Thread: Use arrays to store multilanguage texts

Use arrays to store multilanguage texts

From
Michal Táborský
Date:
I am wondering, if it's effective to use text arrays to store
multilanguage information.

We used to do it like this:

CREATE TABLE product (
    id serial NOT NULL,
    price float4,
    ...
)

CREATE TABLE product_txt (
    product_id integer,
    language_id integer, -- 1=English, 2=Czech, ...
    name text,
    description text,
    ...
    PRIMARY KEY (product_id, language_id)
)

Then in queries for English version we used joins:

SELECT product.*, product_txt.*
FROM product JOIN product_txt ON product.id=product_txt.product_id
WHERE product_txt.language_id=1

It works as is supposed to, but of course there is some database
overhead and mainly it is much more complicated to handle data this way.
Since 7.4 introduced arrays, I was thinking about using them for storing
multilanguage strings. Like this:

CREATE TABLE product (
    id serial NOT NULL,
    price float4,
    name text[],
    description text[]
)

Then I'd just do:

SELECT id, price, name[1], description[1] FROM product

Much simpler and IMHO faster (but I'm not a pg-hacker). I never had time
to test it much, but now we are going to build a new database with
multilanguage strings and I am seriously considering using arrays.

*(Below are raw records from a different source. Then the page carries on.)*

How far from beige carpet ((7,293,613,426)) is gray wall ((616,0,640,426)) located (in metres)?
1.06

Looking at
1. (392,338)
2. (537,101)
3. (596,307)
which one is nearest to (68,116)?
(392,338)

The only question, which remains unanswered is how is it with indexes. I
mean--most of the queries on such table are ordered by name, for
example. Therefore I'd do this:

SELECT id, price, name[1], description[1] FROM product ORDER BY name[1]

Is it possible to build an index, which will be used in such query? I
had no luck with CREATE INDEX product_name1 ON product (r[1]), but maybe
the syntax is just somehow different.

Are there any more drawbacks or limitations, that maybe I am not aware
of, which would discourage you from doing the multilanguage support this
way? Should we consider this or stick to the old ways?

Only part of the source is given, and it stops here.